There is an acronym that has been thrown about quite a bit in most agile development circles (and elsewhere) and that phrase is YAGNI. In case you don't know, it means "You Ain't Gonna Need It". The idea is that any time you spend implementing something that you don't end up needing is wasted time, so don't do it, because "You Ain't Gonna Need It"! Now, while this phrase doesn't quite jibe with what I am talking about, I want to introduce a new and related phrase.
This new acronym is IAGW, and is pronounced aye-ag-wuh. It stands for "It Ain't Gonna Work" and can be applied to virtually every part of an application development, but I only want to talk about it in terms of "self healing software". I really love the term "self healing software" because it implies that the software is going to do something to actually repair itself without your intervention. While a more accurate term would probably be "robust software" I think that this phrase probably wouldn't create as many Phd candidates or sell as many pieces of software.

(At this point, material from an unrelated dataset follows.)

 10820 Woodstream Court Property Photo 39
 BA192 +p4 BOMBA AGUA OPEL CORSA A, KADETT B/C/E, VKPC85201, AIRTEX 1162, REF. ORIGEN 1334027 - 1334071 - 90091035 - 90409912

So, let me first start off by saying that my problem is not about robust software, my problem is that people start ignoring YAGNI when they start thinking about how they are going to make their software robust. In fact, I'm probably going to eat a lot of crap for saying this, but "YAGNI" and building robust software can sometimes be at odds. A lot of what you see out there passing itself off as robust is just developers trying to anticipate where and when the software is going to break. Don't you love it how most of us cannot write a method with more than 20 lines without introducing a bug, but somehow we think that we can predict when a piece of million line software is going to break? The reality is that you can't. And if you try to, well, IAGW. If you account for one bug, then some other bug will happen. If you try and recover from one failure, then you are going to get bit when the failure doesn't happen exactly as you expected. How bad would it be if your code that you put in to try and recover from a problem cause another one or hid the real problem?

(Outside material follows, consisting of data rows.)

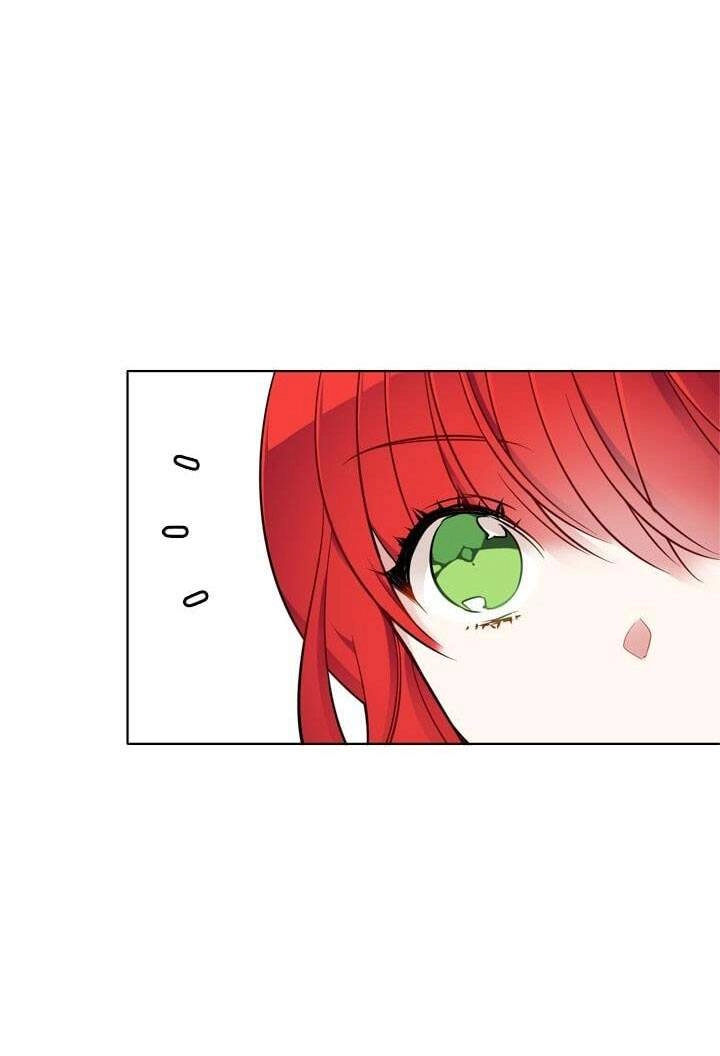 Thám Tử Của Muiella Chapter 42 - 48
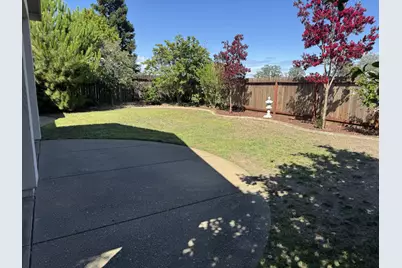 4117 Tahoe Vista Drive, Rocklin, CA 95765 - Photo 3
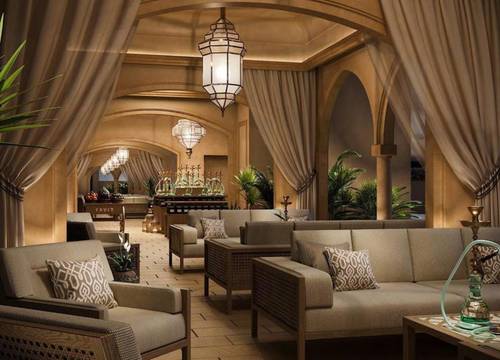 egypt/gize/6th-of-october-city/giza-palace-hotel-spa_1466e87a.jpg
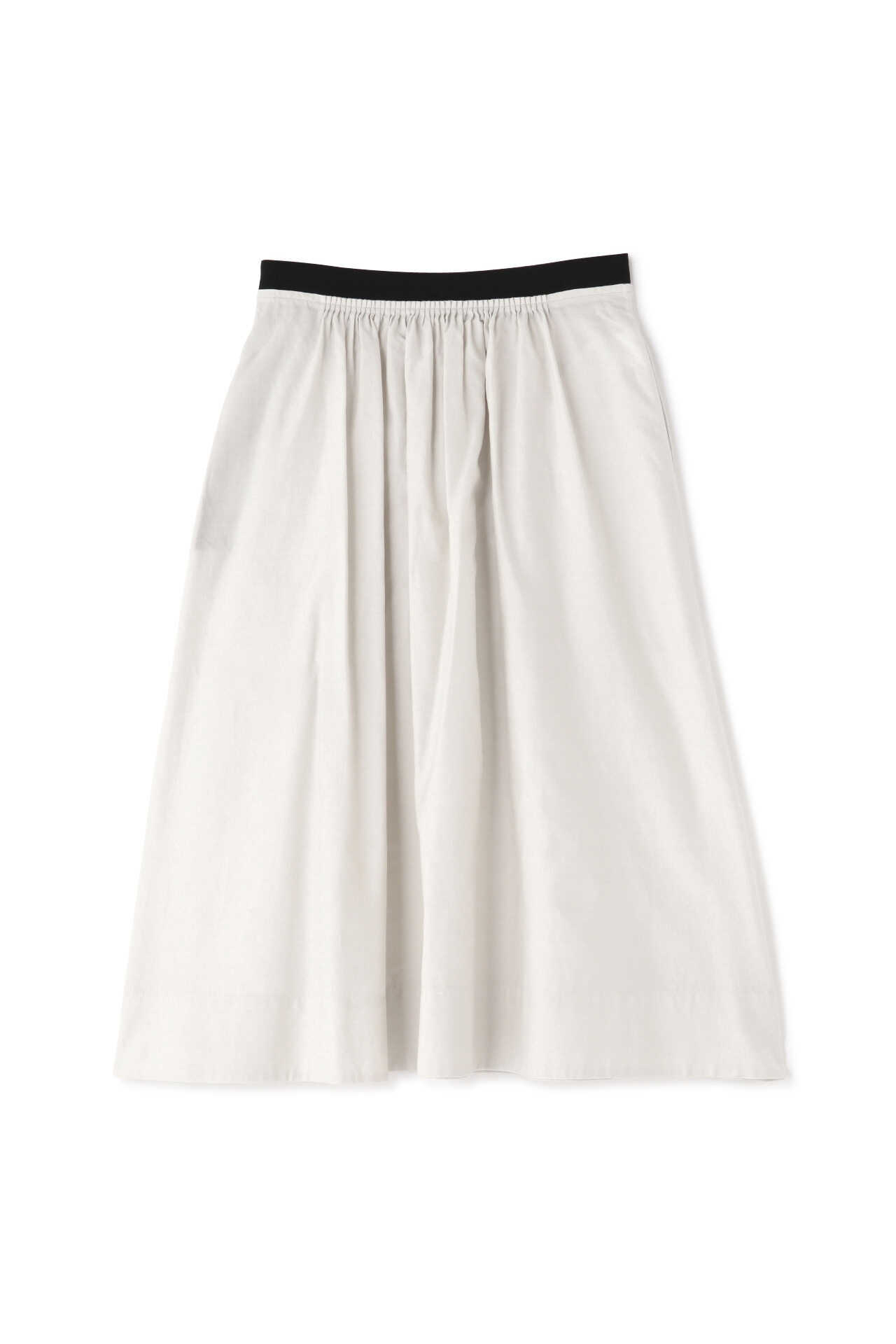 COTTON SILK9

So am I saying that you shouldn't try to write robust software? Of course not! What I am telling you is that unless you know for a fact that something in your application is subject to breaking (such as a db call or a remote web service call), then you shouldn't try to pile in code to account for it. You should run your application and test and prod to find out where your breaks are going to occur, and then you should fix them. If you run your application in production and it breaks, then you need to start putting code in to resolve problems. One thing to focus your efforts on is instrumentation so that you can find the bugs that do pop up. You may think that technically putting in lots of instrumentation violates the YAGNI principle, but I'll let you dwell on that technicality when you put an application into production and have no way to figure out why your application did something odd.
So get out there, and stop trying to be a psychic, and start being a software developer!